Lysine Carbamylation Research Articles

Dissociation of enzymatic activity from lethality and pharmacological properties by carbamylation of lysines in Naja nigricollis and Naja naja atra snake venom phospholipases A 2

Carbamylation of 9 out of 10 lysine residues in the toxic phospholipase A 2 from N. nigricollis venom decreased its lethality at least 8-fold and abolished its direct hemolytic and anticoagulant activities, while the enzymatic activity, as measured on purified substrates, decreased only about 50%. Likewise, carbamylation of 3 out of 5 lysines in the relatively less toxic N. naja atra phospholipase induced detoxification and caused a loss of its blocking activity on the phrenic nerve-diaphragm preparation, while its enzymatic activity on purified substrates was unaltered. Results obtained when 7.4 out of 10 lysines in N. nigricollis phospholipase were carbamylated indicate that basicity is not an absolute requirement for high lethal potency, hemolytic activity or cardiotoxicity. The extent of phospholipid hydrolysis induced in erythrocytes, rabbit plasma, phrenic nerve-diaphragm preparation, brain minces and brain synaptic plasma membranes by incubation with the carbamylated enzymes was in agreement with their enzymatic activities as measured on purified substrates. Levels of phospholipid hydrolysis in heart, lung and kidney of mice given phospholipase intravenously, and in brain synaptic plasma membranes from rats given phospholipase intraventricularly, showed that carbamylated derivatives of N. nigricollis phospholipase A 2 lost their ability to reach and/or hydrolyze substrates in vivo. However, the decrease in in vivo phospholipid hydrolysis did not correlate with the decrease in toxicity since, at comparably low levels of phospholipid hydrolysis, some phospholipases were lethal and others were not. Moreover, when intraventricularly administered, both lethal amounts of the native N. naja atra enzyme and its nonlethal carbamylated derivatives produced equally low hydrolysis of synaptic membrane phospholipids. By means of lysine carbamylation, a dissociation between hydrolytic activity and pharmacological properties of phospholipases A 2 has been achieved. We suggest, therefore, that the toxicity of pure phospholipases is primarily due to a direct effect which does not correlate with levels of phospholipid hydrolysis and that this direct effect is prominent in the relatively toxic phospholipases while it is less manifest in the relatively non-toxic enzymes.

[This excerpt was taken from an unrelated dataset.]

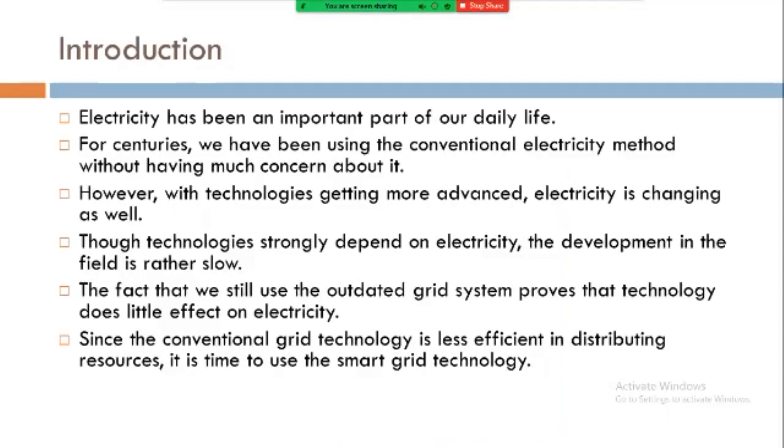Introduction: electricity has been an important part of our daily life. For centuries, we have been using the conventional electricity method without having much concern about it. However, with technologies getting more advanced, electricity is changing as well. Technology strongly depends on electricity, yet the development in the field is rather slow. The fact that we still use the outdated grid system proves that technology has had little effect on electricity. Since the conventional grid technology is less efficient in distributing resources, it is time to use smart grid technology.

Isolation and Amino Acid Composition of Para-Kappa-Casein

One major and two minor para-κ-casein components were isolated after rennin treatment from each of two genetic variants of κ-casein (A and B) by carboxy-methyl cellulose chromatography. Homocitrullin was present only in the minor components, while the major component was richer in lysine. The minor components were not present in para-κ-casein preparations not treated with urea. These findings indicate that the minor para-κ-casein components are produced by carbamylation of lysine with the cyanate formed in the urea solution. The homocitrullin-free para-κ-caseins A and B were identical as judged by polyacrylamide gel electrophoresis and amino acid analysis. Each contained 108 amino acid residues (molecular weight of about 13,000), and no phosphorus or sialic acid.